North Korea will be high on the agenda during the upcoming summit between U.S. President Barack Obama and Hu in Washington on Jan. 19. Other mutual and global issues include the Chinese currency yuan’s revaluation and Iran’s nuclear ambitions.
Gates, who flew to Beijing Sunday to mend military ties, strained since early last year due to the Obama administration’s plans to sell more than US$6 billion in arms to Taiwan, also expressed concerns over North Korea’s missile and nuclear capabilities.
“The first is, with the North Koreans’ continuing development of nuclear weapons, and their development of intercontinental ballistic missiles, North Korea is becoming a direct threat to the United States, and we have to take that into account,” he said. “I don’t think it’s an immediate threat, no. But on the other hand, I don’t think it’s a five-year threat. I think that North Korea will have developed an intercontinental ballistic missile within that timeframe, not that they will have huge numbers or anything like that, but I believe they will have a very limited capability.”

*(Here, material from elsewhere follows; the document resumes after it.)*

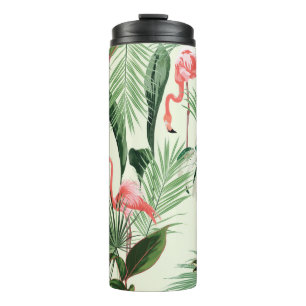 Roze flamingo en exotische bloemen, palmbladeren. thermosbeker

North Korea, which detonated nuclear devices in 2006 and 2009, is believed to be behind nuclear and missile proliferation in Iran, Syria, Pakistan and several other countries, as arms sales are considered one of its major sources of revenue. North Korea has for years been under U.N. economic sanctions for its nuclear and missile tests.
Online whistleblower WikiLeaks recently revealed a U.S. diplomatic cable in which U.S. officials insisted that North Korea had sent Iran 19 advanced missiles that “could clear a path toward the development of long-range missiles” with the capability to hit Western Europe.
North Korea also revealed in November a uranium enrichment plant that could serve as a second way of producing nuclear bombs, aside from its existing plutonium program, despite Pyongyang’s claims it is producing fuel for power generation.
David Albright, president of the Institute for Science and International Security, has said that North Korea could have developed nuclear warheads small enough to be mounted on ballistic missiles with the help of China or Pakistan.
Albright noted the seizure of a computer in Switzerland in 2007 that contained a modern nuclear bomb design from the network of A.Q. Khan, a Pakistani nuclear scientist suspected of having provided uranium technology to North Korea in exchange for missile technology.
“It could have transferred from Khan to North Korea, and it could have been China,” he said.
China is under intense international pressure to persuade North Korea to refrain from heightening tensions and pursuing nuclear weapons programs.
China, the major provider of food, oil and other necessities to its isolated, impoverished communist ally, has been reluctant to sanction North Korea as any instability could result in a massive influx of North Korean refugees across their shared border or a unified Korean Peninsula under South Korean and U.S. control.